Should be a good one 👍🇺🇸


----------



## nick tures (Jul 30, 2021)

bump whos going ?


----------



## Junkman Bob (Jul 30, 2021)

Not sure if I’m selling or buying tho !!!! I guess that’s a sign of being a bikaholic 

Bob


----------



## WES PINCHOT (Aug 7, 2021)

HI CABERS,
TALK IT UP!
THE LAST CHICAGO AREASWAP MEET FOR THE YEAR!
START PREVIEWING WITH PHOTOS OF WHAT YOUR BRINGING.
I HAVE A FAMILY AFFAIR, SO CAN'T BE THERE.
BUT, JIM OWENS WILL HAVE MY TWO SCHWINN STINGRAY SCOOTERS.
NO PICS HERE, BUT SEE IT THERE!
MAYBE OVER 25 YEARS OLD?
GLWS CABERS
WES


----------



## detroitbike (Aug 7, 2021)

Heading out in a bit.
 see everyone there


----------



## vincev (Aug 7, 2021)

Should be there


----------



## Cooper S. (Aug 7, 2021)

Not gonna get rained out right?


----------



## Lonestar (Aug 7, 2021)

Can someone post pics of this if they go?
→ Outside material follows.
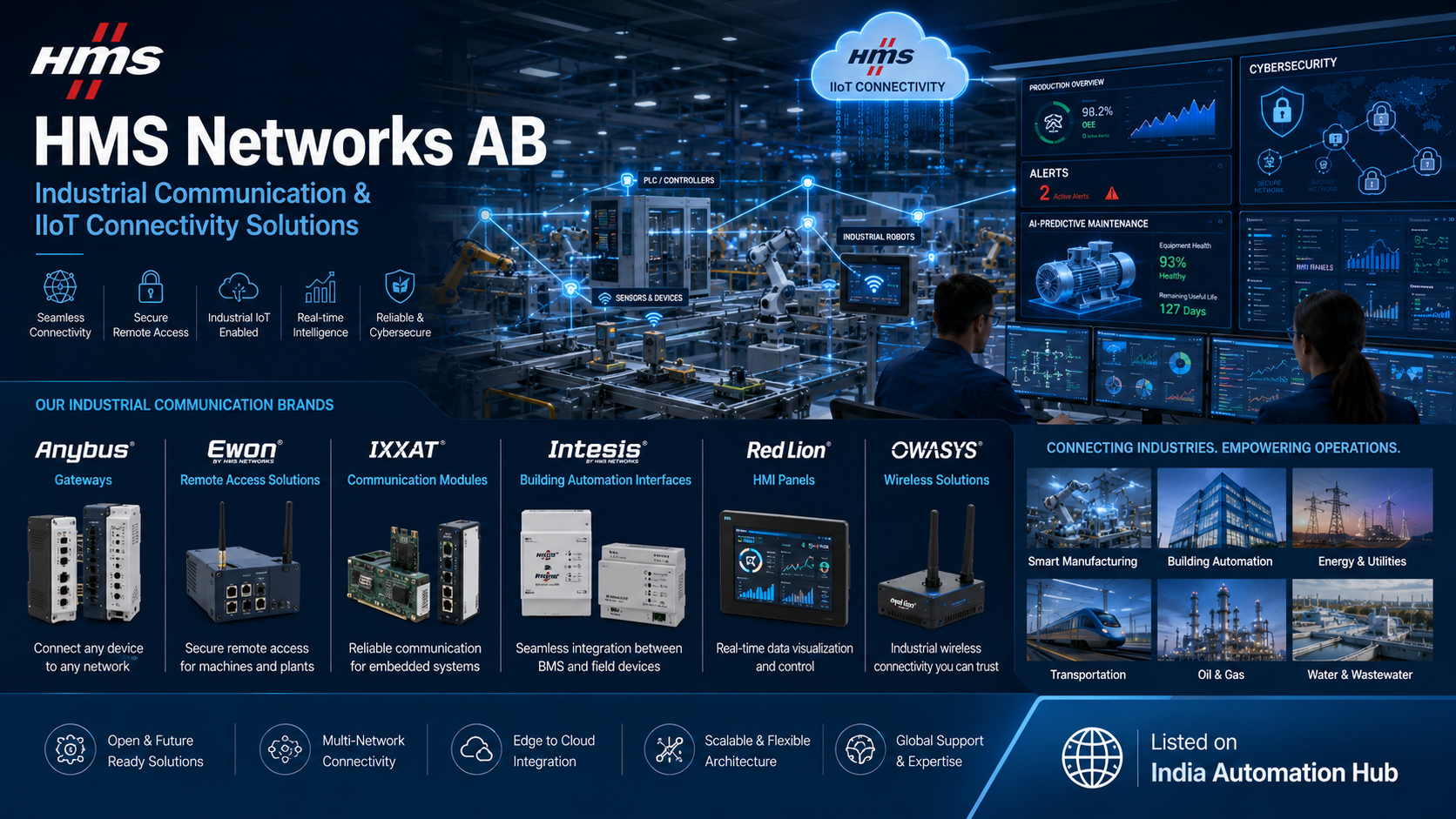  HMS Networks AB — Industrial Communication & IIoT Solutions Provider Pune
Sounds like a lot of fun 😀


----------



## Junkman Bob (Aug 7, 2021)

Yes


----------



## Junkman Bob (Aug 7, 2021)

No rain … only in Milwaukee


----------



## Junkman Bob (Aug 8, 2021)

Nice swap


----------



## Junkman Bob (Aug 8, 2021)

A few today


----------



## Junkman Bob (Aug 8, 2021)

Couple more pics


----------



## chevbel57 (Aug 8, 2021)




----------



## vincev (Aug 8, 2021)

Dang,I was too late on the green Phantom.It went for a nice price Did do a lot of B Sing though.lol


----------



## vincev (Aug 8, 2021)

Nice show today ! I was surprised there were not more sellers but things will improve.Got to see some friends and spent the day at different tables talking Found a few small things I needed.Worth the trip but I did miss the Green Phantom.


----------



## WES PINCHOT (Aug 9, 2021)

chevbel57 said:


> View attachment 1459857
> 
> View attachment 1459859
> 
> ...



THANKS FOR PICS.


----------